New out on DVD/Blu-ray for Tuesday October 30.

     The Campaign

In order to gain influence over their North Carolina district, two CEO's seize an opportunity to oust long-term congressman Cam Brady (Will Ferrell) by putting up a rival candidate. Their man: naïve Marty Huggins (Zach Galifianakis), director of the local Tourism Center.

Unfortunately I didn't get a chance to see this film but I've heard pretty good reports on it. It received a 66% rating on Rotten Tomatoes and it's said to be a crude and funny political satire that isn't quite as sharp or smart as it could be.

I think if you're a Will Ferrell fan though then there will be plenty of good laughs in The Campaign. This should be worth a rental.

     Safety Not Guaranteed

From the producers of Little Miss Sunshine - When an unusual classified ad inspires three cynical Seattle magazine employees to look for the story behind it, they discover a mysterious eccentric named Kenneth, a likable but paranoid supermarket clerk, who believes he's solved the riddle of time travel and intends to depart again soon. Together, they embark on a hilarious, smart, and unexpectedly heartfelt journey that reveals how far believing can take you.
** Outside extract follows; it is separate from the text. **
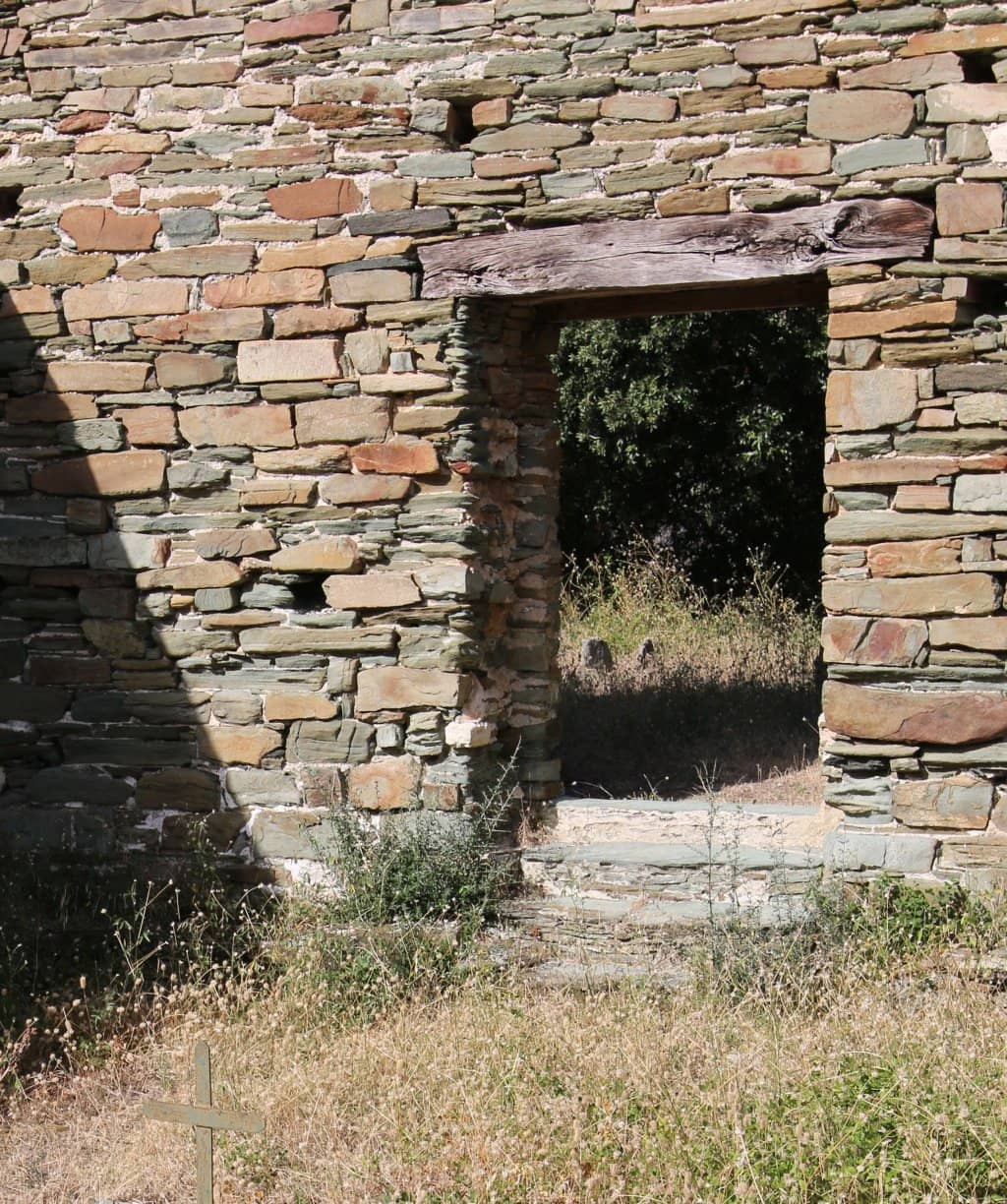 Unique Black and White Stone Architecture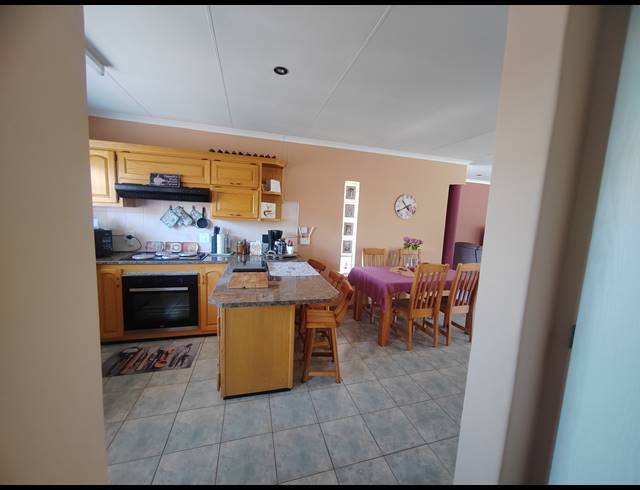 3 BEDROOM FREESTANDING FOR SALE IN SUNAIR PARK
I'm really bummed that there was an issue with the distributor this week since I was anxiously awaiting the arrival of this film. It sounds absolutely wonderful and judging by the 94% rating it got on Rotten Tomatoes it's a real winner.

It stars Aubrey Plaza, Mark Duplass and Jake Johnson.

I will be renting this one the first chance I get.

     Ruby Sparks

Calvin (Paul Dano) is a young novelist who achieved phenomenal success early in his career but is now struggling with his writing - as well as his romantic life. Finally, he makes a breakthrough and creates a character named Ruby who inspires him. When Calvin finds Ruby (Zoe Kazan), in the flesh, sitting on his couch about a week later, he is completely flabbergasted that his words have turned into a living, breathing person.

Directed by the duo who made the wonderful Little Miss Sunshine, this cleverly written film is quite delightful. At times it is very funny but it also carries with it some emotional resonance and it is particularly insightful about the nature of our relationships and the measure of control that some must have. It has a fantasy element to it as well that reminded me of some of the best works of Woody Allen.

Real life couple Paul Dano and Zoe Kazan are superb in this and the strong supporting cast includes Elliott Gould, Chris Messina, Annette Bening, Antonio Banderas and Steve Coogan.

If you are in the mood for a smartly written romantic comedy full of whimsy then I suggest you seek out Ruby Sparks. It's well worth it.

Also out this week is the drama Crooked Arrows, which is about a Native American lacrosse team starring Brandon Routh, the Norwegian comedy Turn Me On, Goddammit!, the documentary about ballet dancers called First Position and the TV miniseries Coma.

     Blast From the Past

Since Halloween is upon us I thought I would take a break from my usual list to instead present you with something to get you in the mood for this season.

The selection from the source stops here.